Thursday, March 5, 2009

Learning to Fight

I am climbing the viciously steep wall between my abysmal execution skills and actually getting to play Street Fighter IV.

Most games I play are very easy - in particular rpgs, where skilled or knowledgeable play actively makes the game easier by giving you a more powerful playing piece. Other games have poor incentives to do things the hard way, and I've never found making my own arbitrary challenges compelling. I don't really PVP.

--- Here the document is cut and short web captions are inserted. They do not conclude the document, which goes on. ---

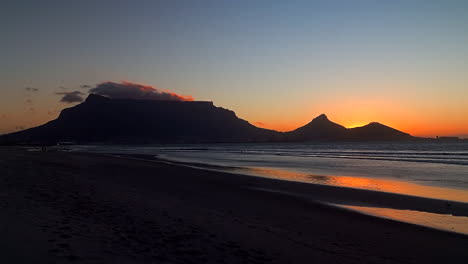 Atemberaubende-Kapstadt-Tafelberg-Strand-Silhouette-Landschaft,-Tieforangefarbener-Abend,-Später-Sonnenuntergang,-Südafrika,-Ebbe,-Unglaubliche-Küstenlinie,-Ende-Des-Tages,-Wellen,-Krachender-Frieden,-Zeitlupe,-Schwenk-Nach-Links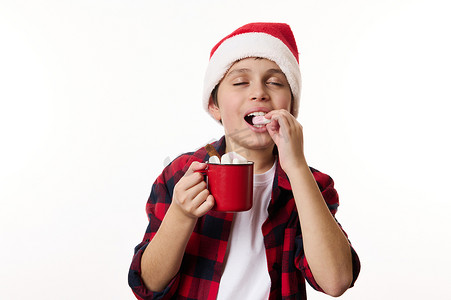 戴圣诞帽的男孩摄影照片_快乐的男孩，戴着圣诞帽的少年，享用热巧克力饮料，吃着白色背景中美味的甜棉花糖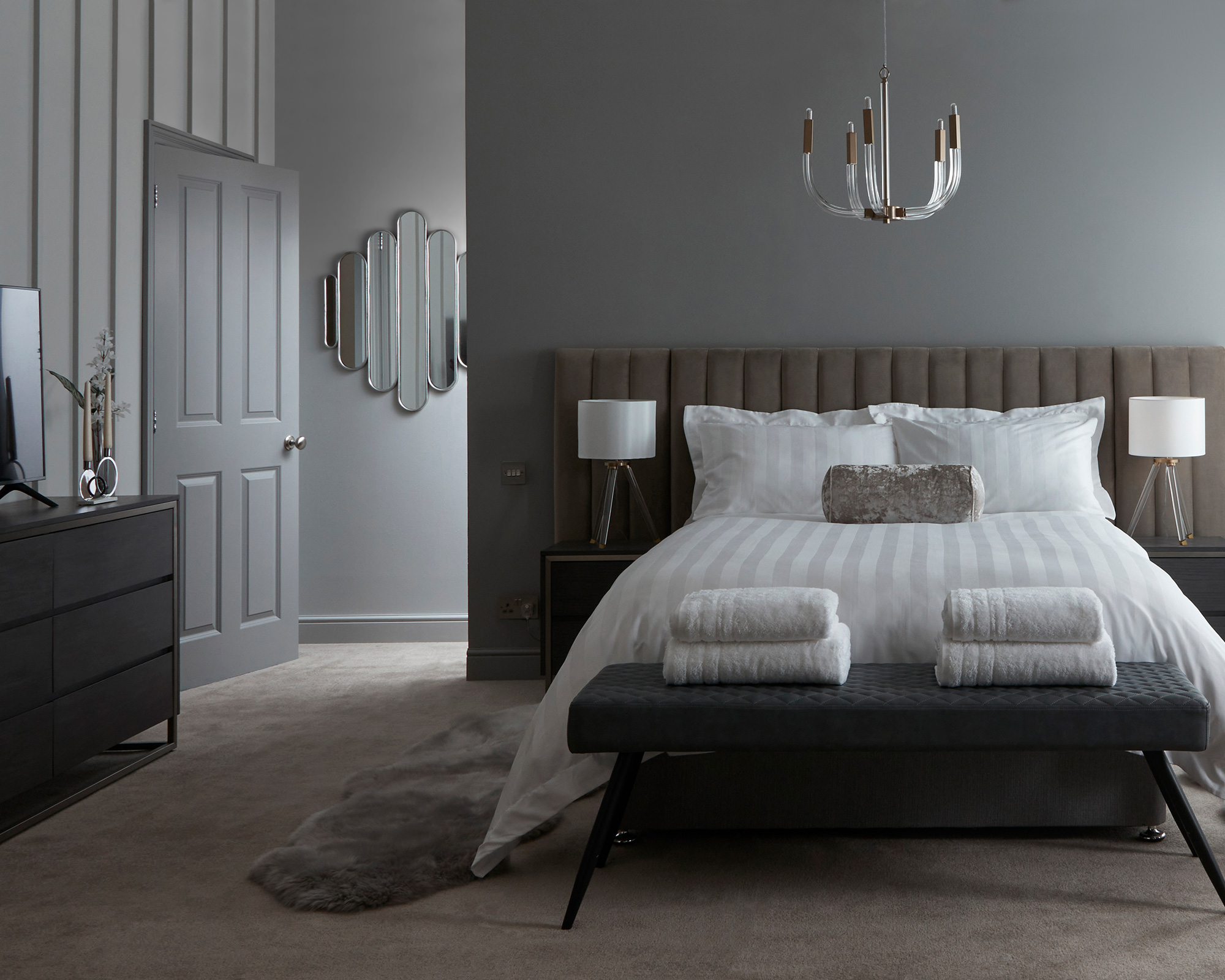 Grey bedroom with claw-like ceiling light fixture and two white lampshades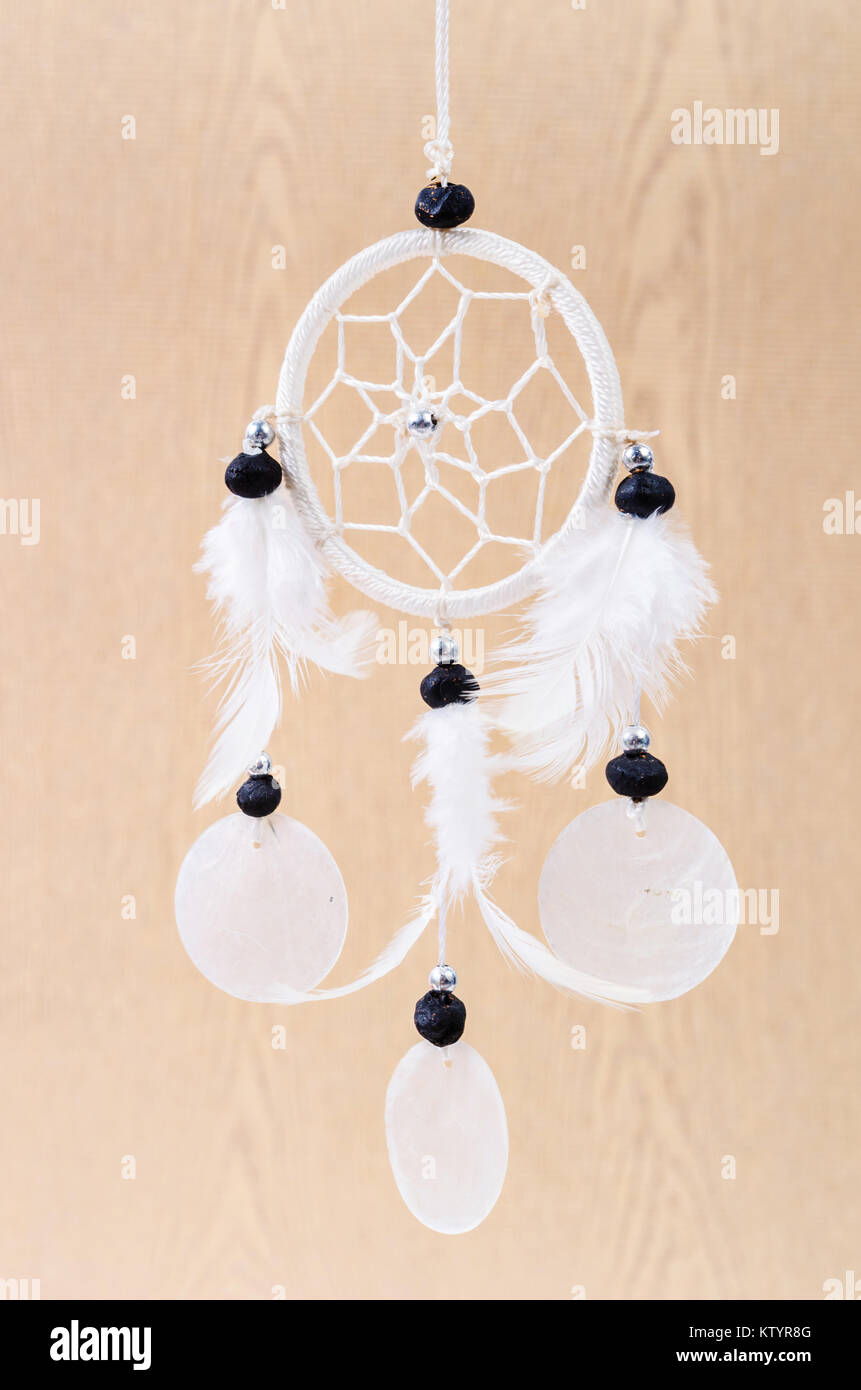 White dream catcher on wooden background Stock Photo Alamy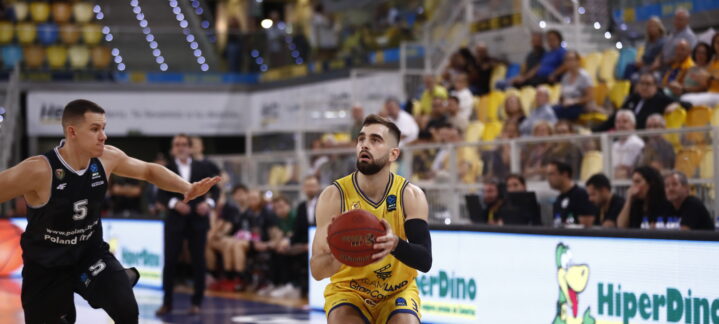 Jugadores durante un partido de baloncesto en el Gran Canaria Arena, uno con balón.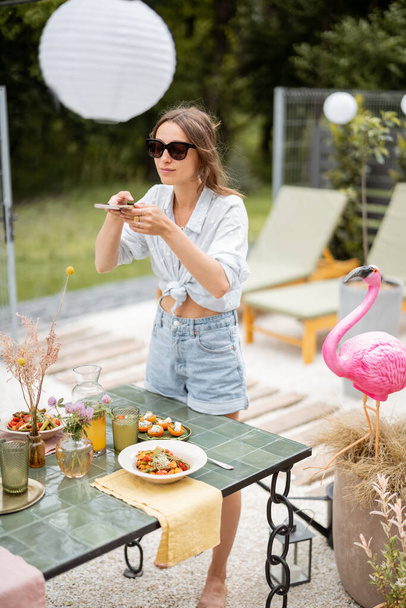 Woman decorating dining table outdoors - Fotó, kép
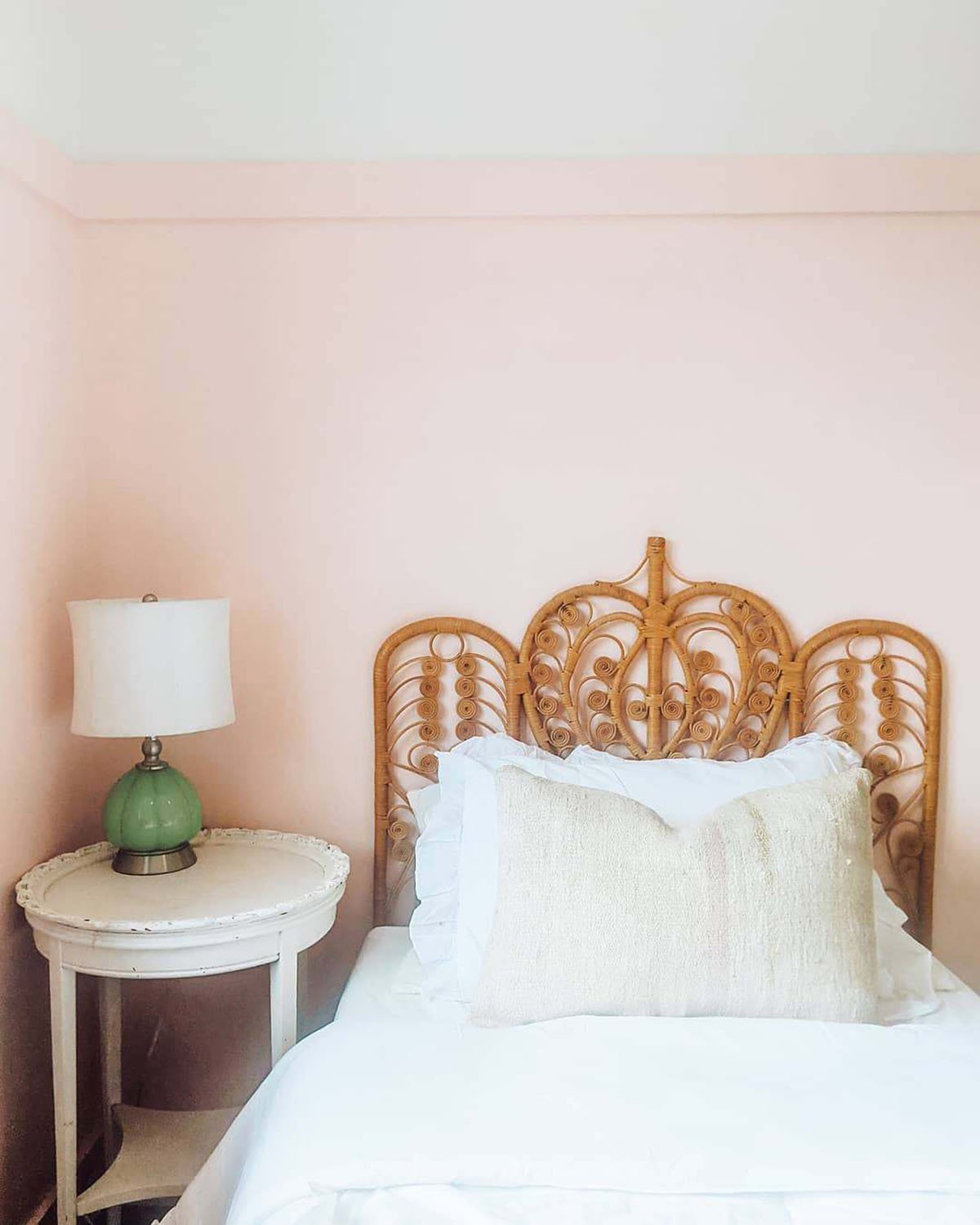 small bedroom with walls painted Sherwin Williams Blushing.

Hence, my skills are flabby.

SFIV is a compelling case for trying to fix that - the learning curve starts out fairly brutal, but it's long - all that improvement goes somewhere, it has utility. It's a very pure form of PVP with a huge and vibrant community. Their jargon has the seductive note of depth, their champions are awe-inspiring (Daigo "The Beast" Umehara's epic parry comeback belongs amongst the great competitive sporting moments). Becoming mediocre at this game is a worthy goal, and has a lot of gaming cultural currency :)

So while I wait for my Hori stick to arrive, dreaming of playing Rose or Sakura with finesse online, I throw Ryu's fireballs at the lowest breed of AIs, hoping to hit seven in ten. And when I fire up a PSP or DS game, I reach for the hardest difficulty, hoping to shed a little flab.